■ Task goal
Reproduce all of the data exactly. Images are not to appear in the reply.

---------- The data

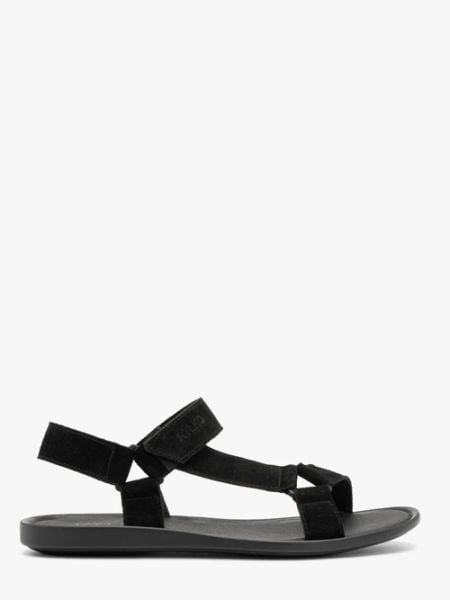 Czarne sandały męskie na rzep. Czarne sandały męskie Ryłko, ze skóry, bez zapięcia. W wyprzedaży za 249.99 zł.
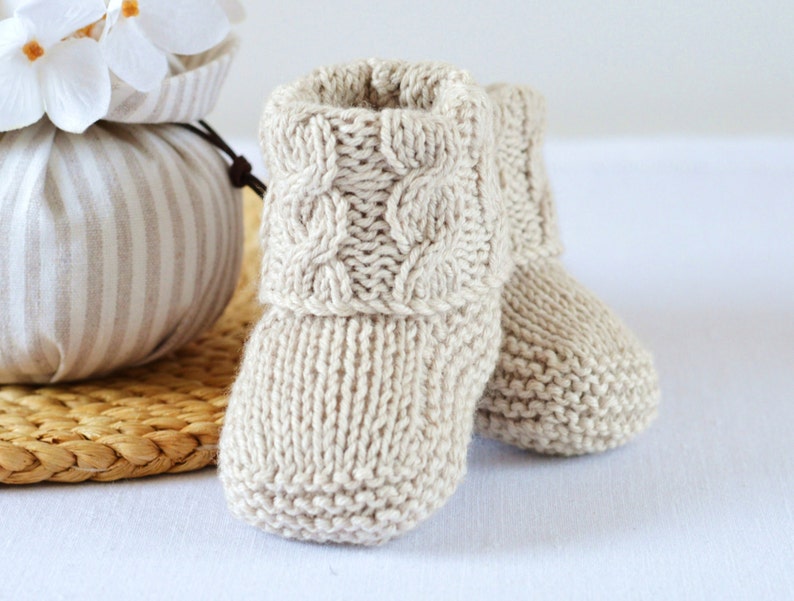 Baby Booties KNITTING PATTERN, Cable Baby booties, Photo Tutorial, Digital File Instant Download image 3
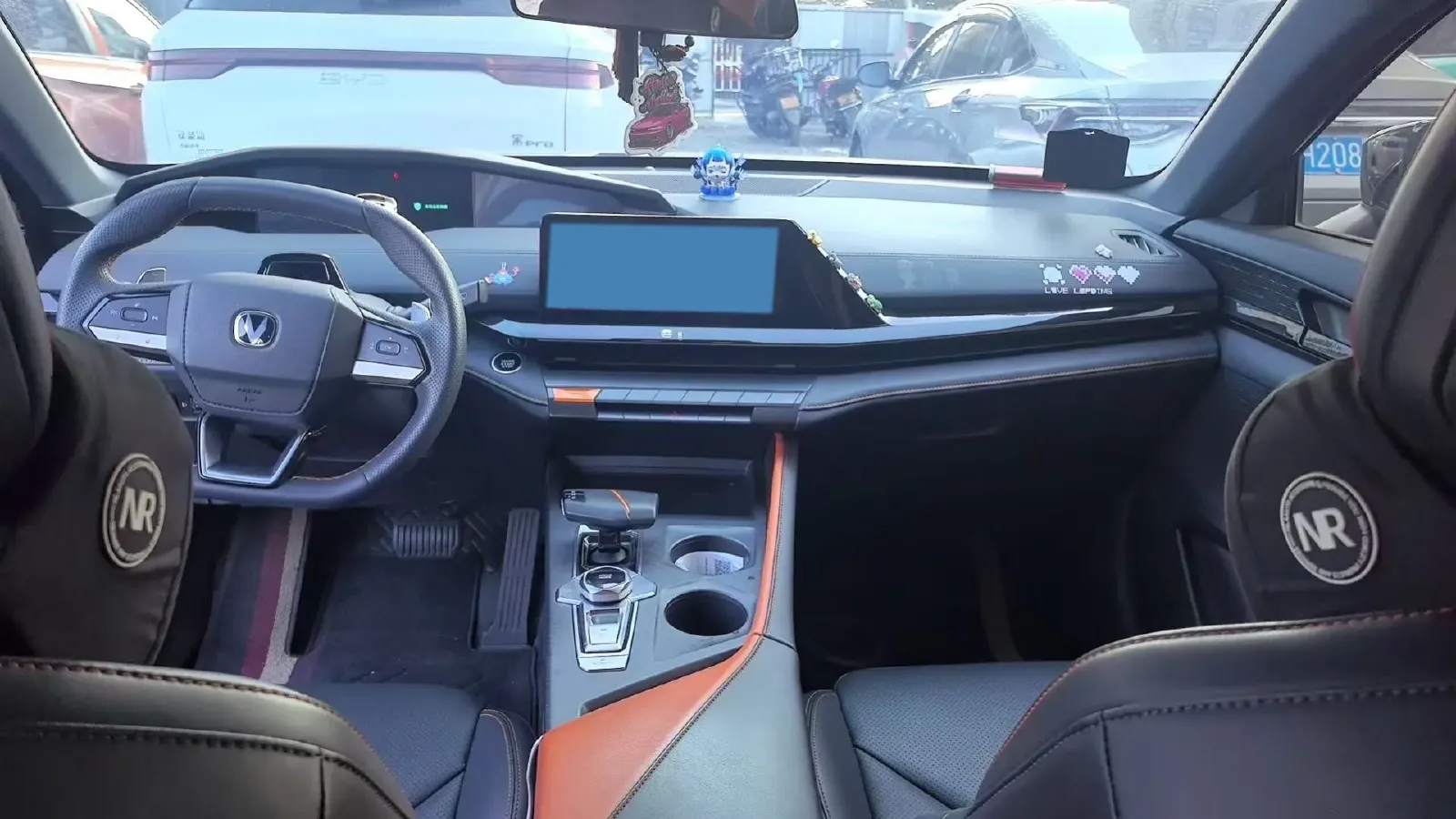 2022 ChangAn UNI-V 1.5T 188HP L4 7DCT,autocango,china used car exporter,china ev exporter,chinese used car exporter,chinese used ev exporter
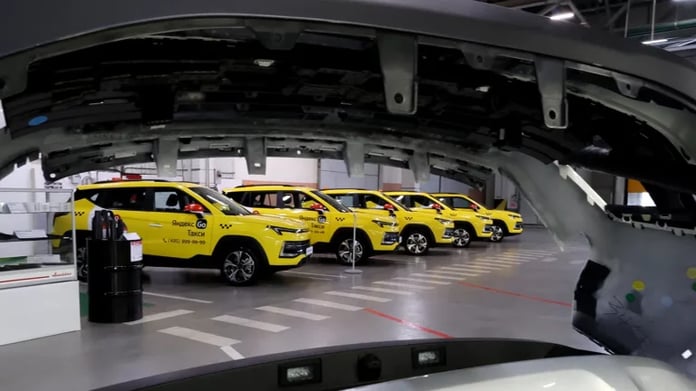  Putin suggested using only Russian cars in taxis and car sharing.  What the experts think

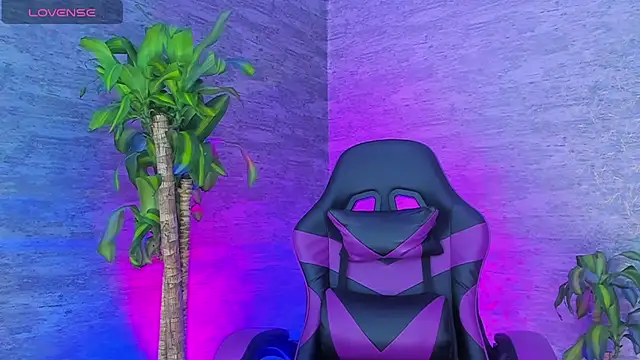 alicee salvatore online show from September 24, 2025, 2:29 am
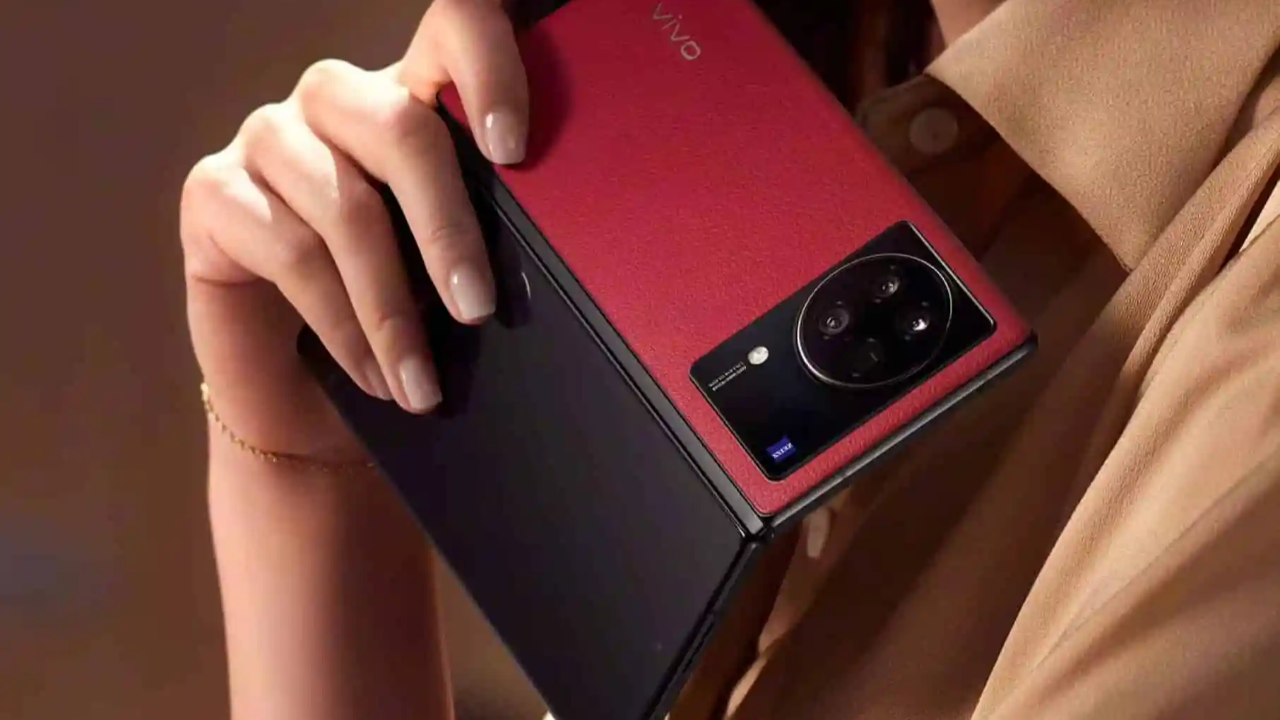 Vivo X Fold2 daha ilk günden parçalara ayrıldı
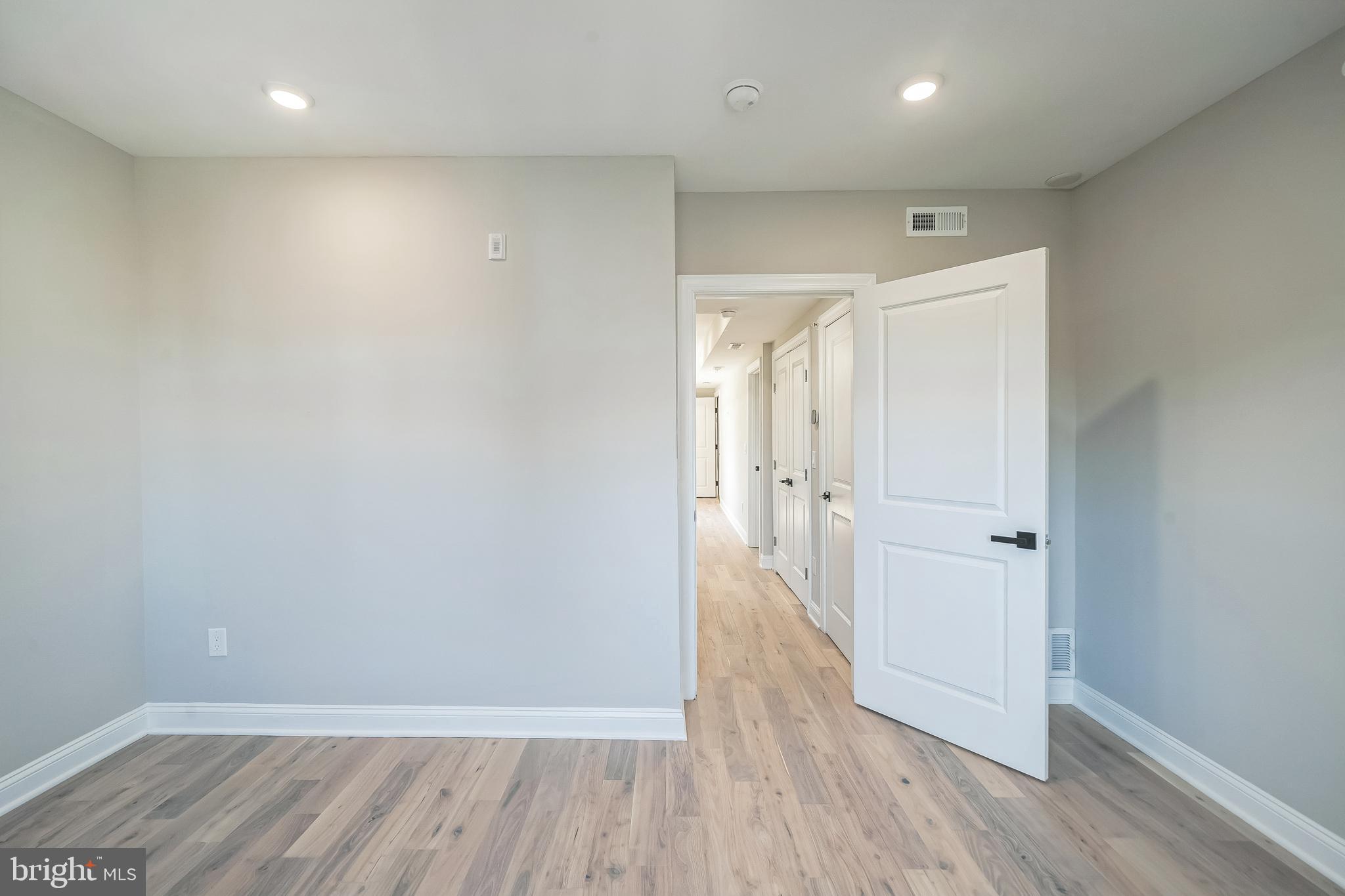 POINT BREEZE - Residential Lease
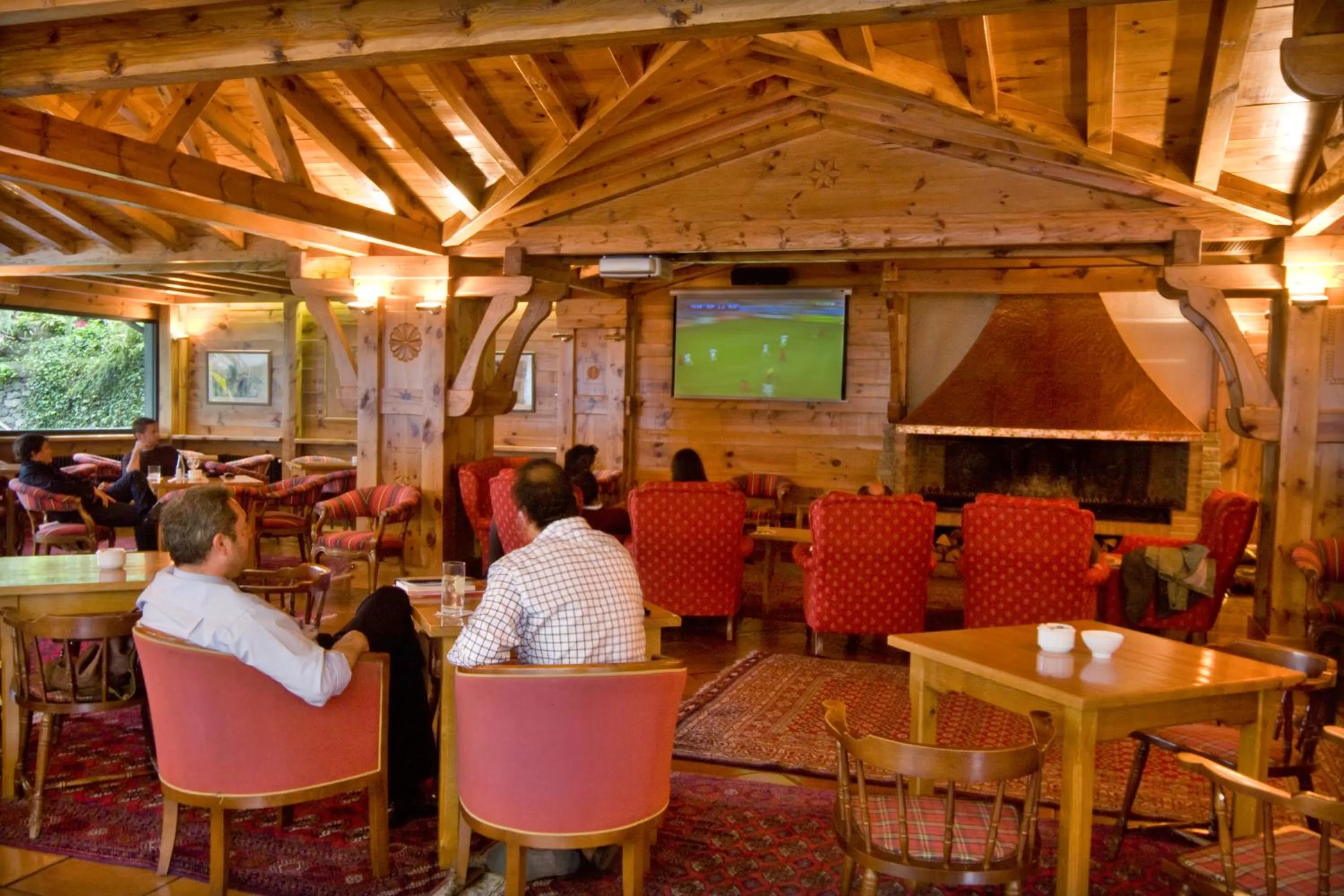 Communal lounge/ TV room in Rutllan & Spa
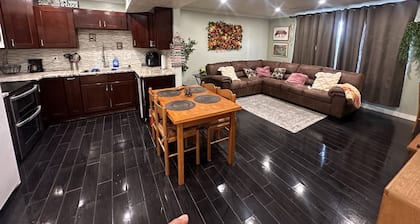 Amazing, 1 1-bedroom condo close to the Airport, Downtown, and freeway access.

--------------------

■ Completed exercise
 Czarne sandały męskie na rzep. Czarne sandały męskie Ryłko, ze skóry, bez zapięcia. W wyprzedaży za 249.99 zł.
 Baby Booties KNITTING PATTERN, Cable Baby booties, Photo Tutorial, Digital File Instant Download image 3
 2022 ChangAn UNI-V 1.5T 188HP L4 7DCT,autocango,china used car exporter,china ev exporter,chinese used car exporter,chinese used ev exporter
  Putin suggested using only Russian cars in taxis and car sharing.  What the experts think

 alicee salvatore online show from September 24, 2025, 2:29 am
 Vivo X Fold2 daha ilk günden parçalara ayrıldı
 POINT BREEZE - Residential Lease
 Communal lounge/ TV room in Rutllan & Spa
 Amazing, 1 1-bedroom condo close to the Airport, Downtown, and freeway access.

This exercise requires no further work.